In the networks we have scanned, Orkos has been able to automatically find a path to complete network control from between 75% and 99% of systems and between 50% and 90% of accounts, without even considering weak passwords. It does this by identifying credentials stored on systems and in memory, analyzing privileges, group memberships, system configurations and re-used credentials to show the path an attacker could take if they compromise one system. If you assume the attackers will try guessing passwords, complete network control is virtually guaranteed, at least, until you remediate these risks.
Once attackers have control of a system, they can extract the password hashes and try to brute-force any uncracked passwords offline. In contrast with an online attack, which defenders can slow down and trigger lockouts to attempt to defeat, an offline attack operates entirely on the attackers system as fast as their hardware can run. With a decent graphics card, even laptops can try over 1 billion guesses per second against common hash types. Defeating an offline brute force is nearly impossible; over 90% of hashes leaked from public breaches can be cracked with an ordinary personal computer.

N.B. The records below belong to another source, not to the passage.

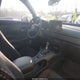 3CZRZ2H57TM746403 2026 Honda Hr-V Awd Sport auction photo thumbnail 5
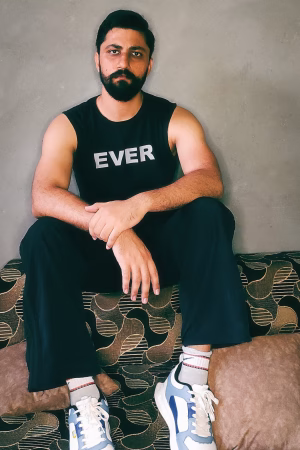 Danish  Madaan - Gallery Image 5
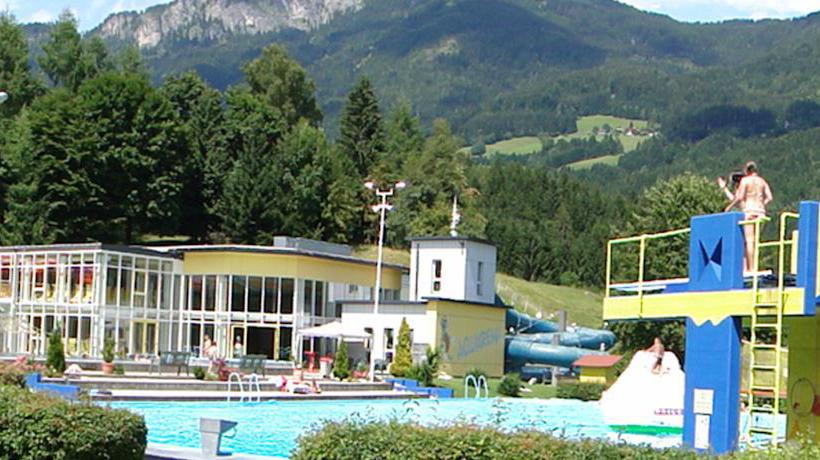 Bed and Breakfast Erlenhof 8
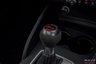 USED 2018 18 AUDI RS3 2.5 RS 3 QUATTRO 5d 395 BHP MAG RIDE+CARBON WING MIRRORS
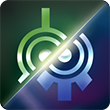 IFSCL logo 48X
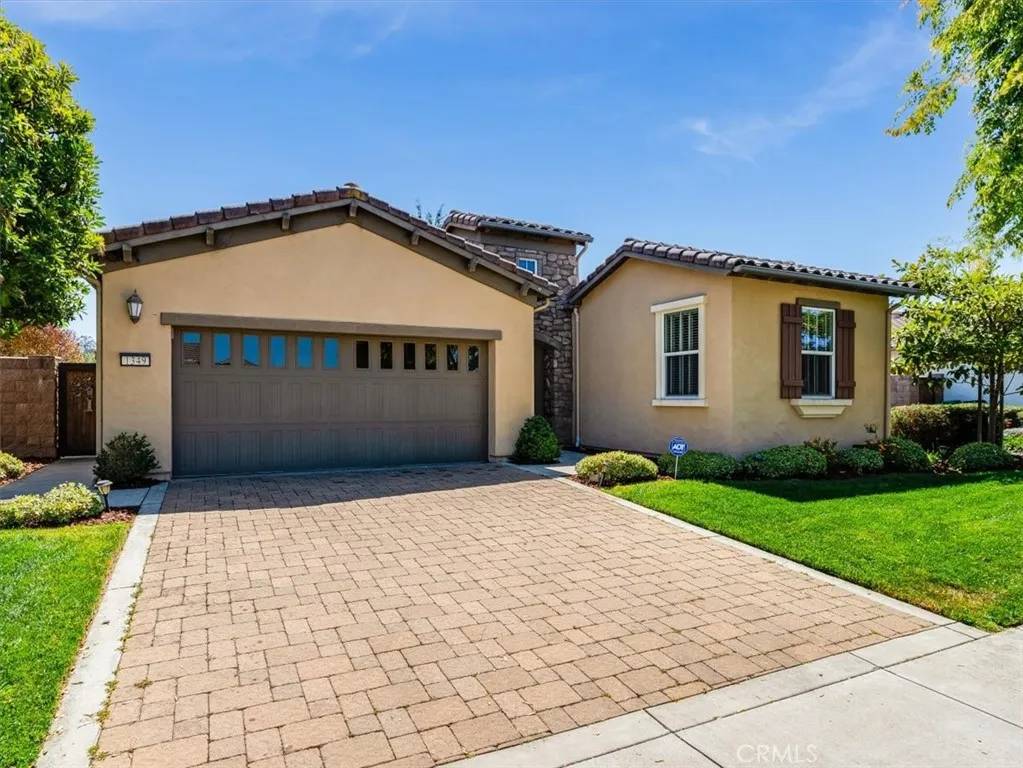 Nipomo, CA 93444,1349 Vicki Lane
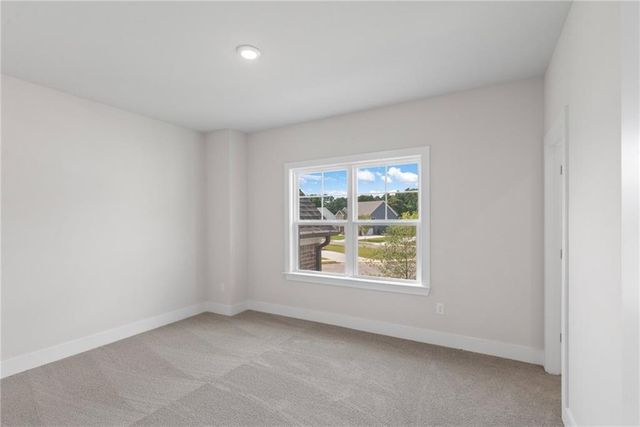 3915 Kilya Lane, Cumming, GA 30040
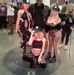 Kevin Waldon - Facebook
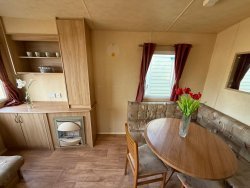 WhatsApp-Image-2025-08-07-at-15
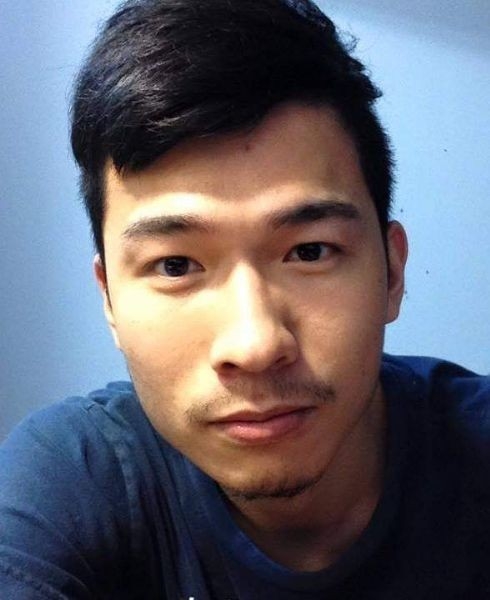 alan的第一张照片--湛江相亲服务中心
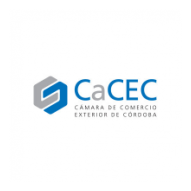 CACEC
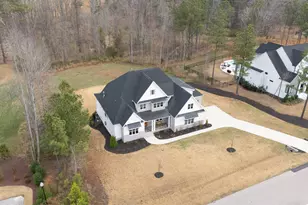 2325 Ballywater Lea Wy, Wake Forest, NC 27587 - Photo 55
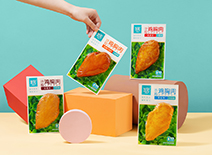 Ag亚洲集团(中国区)官方网站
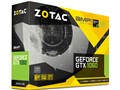ZOTAC GeForce GTX 1060 6GB AMP Edition ZT-P10600B-10M [PCIExp 6GB]
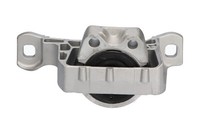 Kavo Parts Motorlager Lagerung Motor Passend FüR Mazda 5 CW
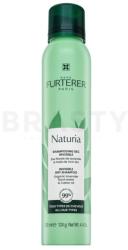 Rene Furterer Naturia Invisible Dry Shampoo száraz sampon minden hajtípusra 200 ml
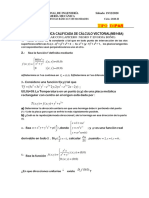 Segunda Practica PDF (Impar) Calificada Mb148a 2020 Ii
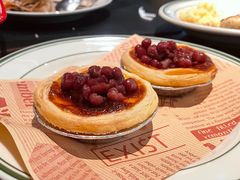 -404干式熟成牛排馆•聚会餐厅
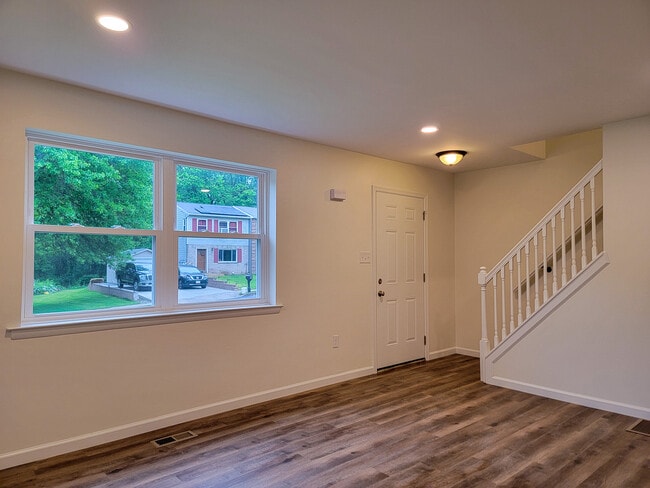 Building Photo - 1007 Monticello Ln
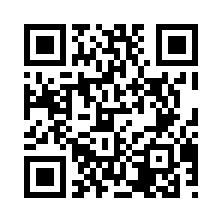QR Code for 1BLogyYvaQMisVujsyY5RDMvqtCUaAmwXW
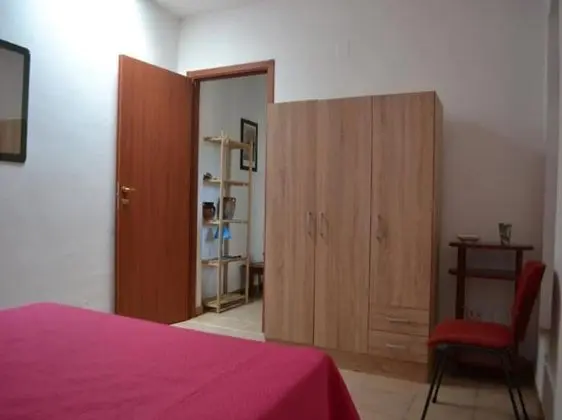 Ev, 2 Yatak Odası, Engellilere Uygun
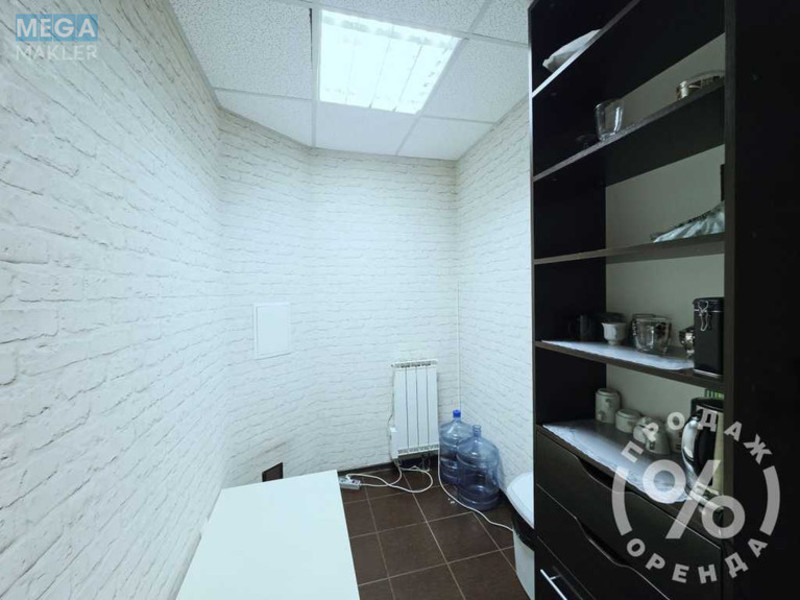 Продаж комерційної нерухомості, 366 кв.м, под магазин, <a class="location-link" href="/kiev/" title="Недвижимость Київ">Київ</a>, <a class="location-link" href="/kiev/obolonskij/" title="Недвижимость Оболонський район">Оболонський р-н</a>, Оболонська Набережна вул., 7 (изображение 8)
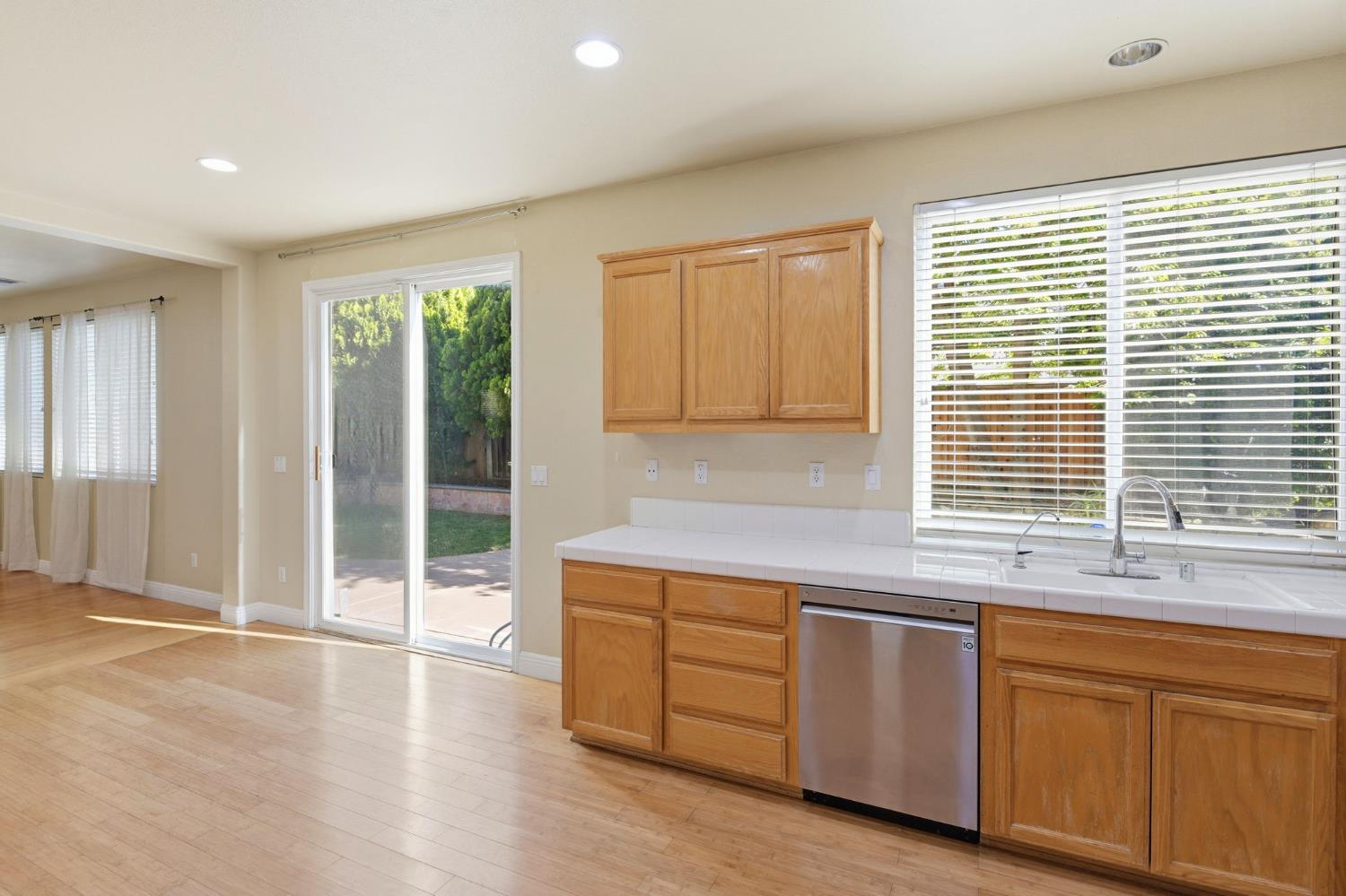 2140 Gibralter Court
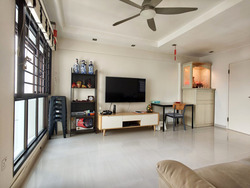 Blk 180 Vista 8 (Bedok), HDB 4 Rooms #564735021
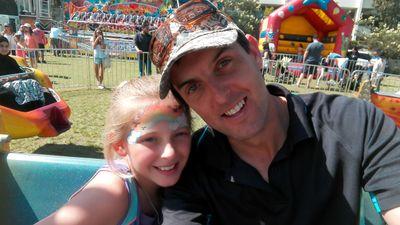 TEACHING LEADER|ICT COORD|SYD WEST|
Let's use the tech and keep our bodies moving. All tweets are my own views.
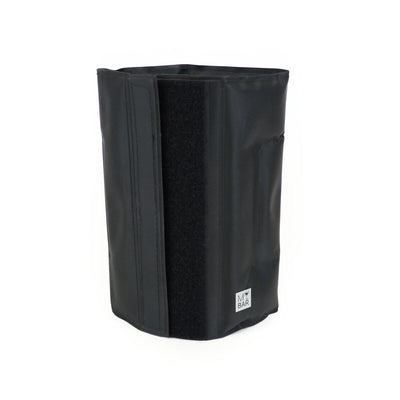 V2H50D71A20F68440E1274C780DD5014B0ER7517254P9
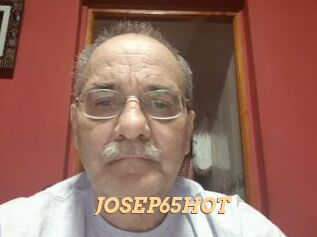 JOSEP65HOT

It is not difficult to create a password that cannot be cracked with an online attack, especially if throttling or lockouts are enabled (although throttling and lockouts can be used to execute a denial-of-service attack against users). However, it is exceptionally difficult for people to create a password that cannot be broken with an offline attack; the only way to ensure this is the case is to use a long, complex, randomly generated password with a measurably high level of entropy from a cryptographically strong source. The vast majority of even long, complex passwords that users create still tend to follow mental shortcuts, like replacing letters with look-alike symbols or using common words and phrases. Password rotation policies have a tendency of weakening passwords, since users’ creativity and patience saps the more frequently password changes are required.
Common password policies simply make it more difficult to create and remember passwords, while not stopping any additional attacks. Instead of doubling down on password policies, why not find your real credential risks and mitigate those instead?